Hey! I'd be happy to pick this one up; just to confirm, the idea is to add a sortable "Last Modified" column on this page right?
i.e., the "https://ca.prairielearn.com/pl/course/9/course_admin/questions" tab
@michaelfromyeg that's what I had in mind, yes.
Thanks @michaelfromyeg !
The one question to think about is "which file" needs to be edited to show up in that page.
Options are:
-
info.json
file -
question.html
file -
server.py
file - Any file
I think "any file" is probably best, but I wanted to just ask what your plans were.
I also think it should be "any file" in the question directory (not limited to those three either).

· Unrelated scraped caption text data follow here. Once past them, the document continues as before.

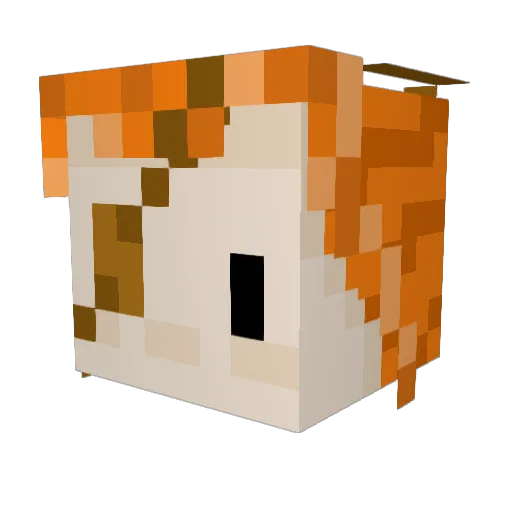 Spell_Sword Minecraft avatar head, 3D render
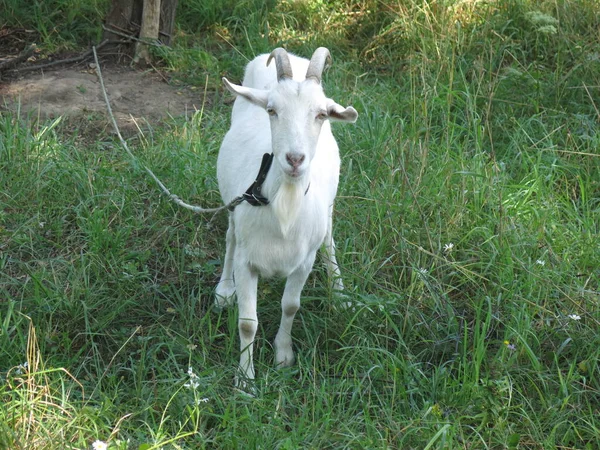 夏天白山羊用皮带在村子里吃草 — 图库照片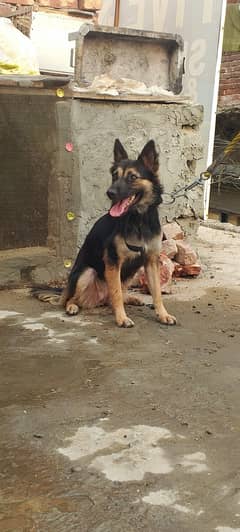 German shepherd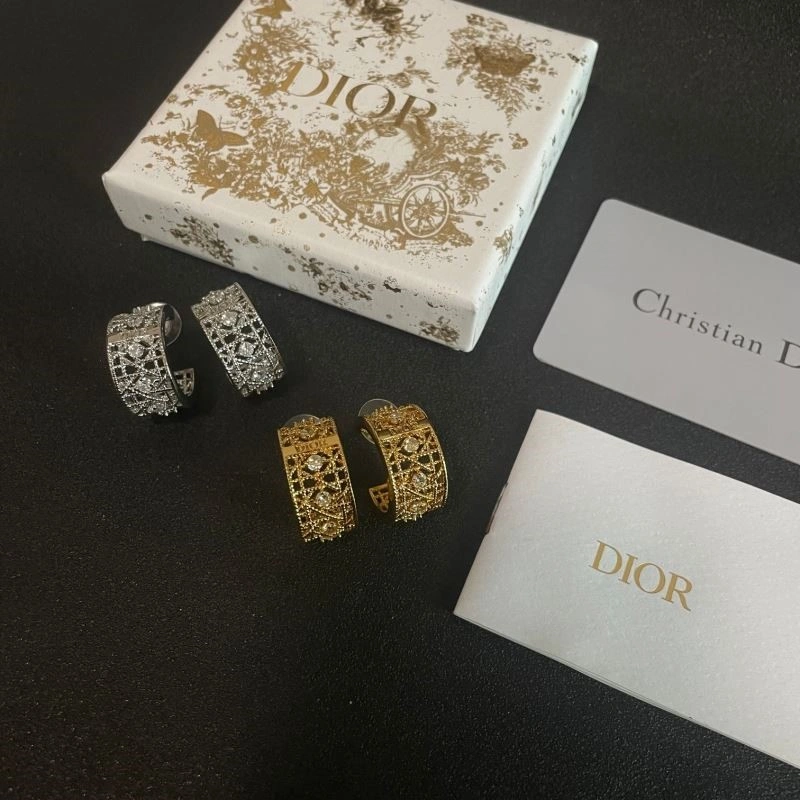 Tailored Christian Dior Earrings 233914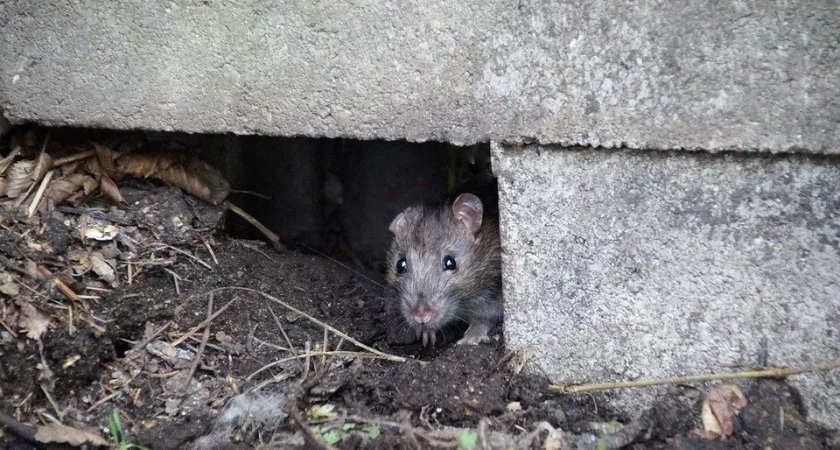 Ухту снова одолевают крысы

Just taking a look at this, and while checking the files in a local dev environment makes sense, this would probably be harder to measure in a production server that uses chunks and caching to store question data. I believe in that case it may be better to use git log
to determine the last commit that updated any file within the question's directory if there is a repository, falling back to the stat of the containing files if there is no repository.

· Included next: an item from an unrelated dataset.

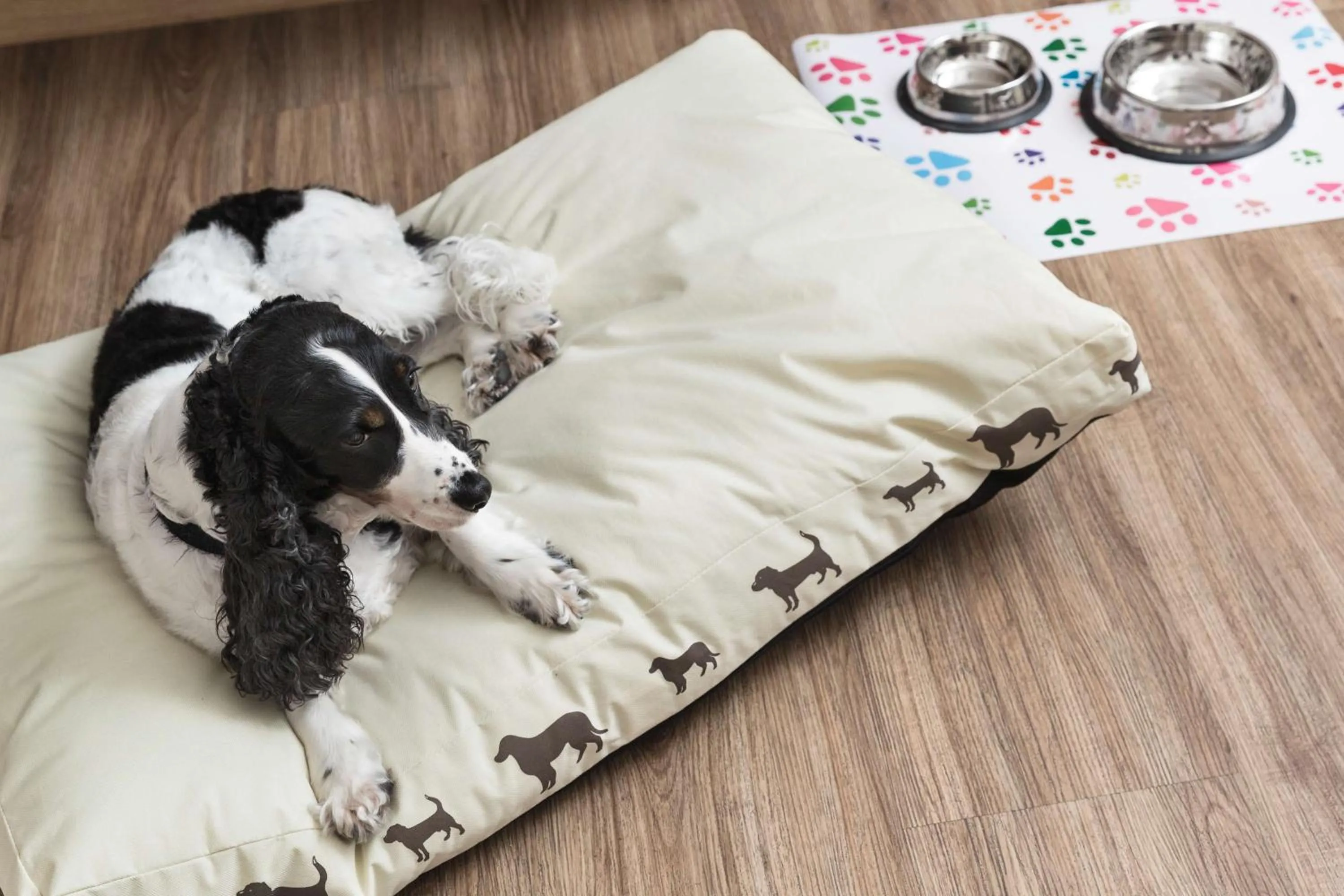 Pets in Best Western Plus Park Hotel Pordenone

Adding to that: I think this has the potential of being a somewhat expensive operation, given the requirements to either make lstats or git log operations for all questions, and particularly considering this will likely be a column that will not be used by default. This probably requires a bit further thought process with how and when this value is computed.
Yeah, disk IO is expensive and should not be in the rendering path of the question page. The right way to do this would be to store it in the DB and recompute it every time a sync is performed. Syncs already do a lot of file IO and Git operations, so it's ok to add some more. This also has the advantage that syncs are guaranteed to take place within the context of a Git repo (at least in production environments), which makes it relatively easy to reliably determine last modified dates.
The right way to do this would be to store it in the DB and recompute it every time a sync is performed. Syncs already do a lot of file IO and Git operations, so it's ok to add some more. This also has the advantage that syncs are guaranteed to take place within the context of a Git repo (at least in production environments), which makes it relatively easy to reliably determine last modified dates.
The disadvantage of this approach would be that it might make it harder to reliably identify the modification date in non-Git environments (e.g., local development). Not sure how much of an issue that is, though considering instructors that create their assessments locally this may need to be taken into account.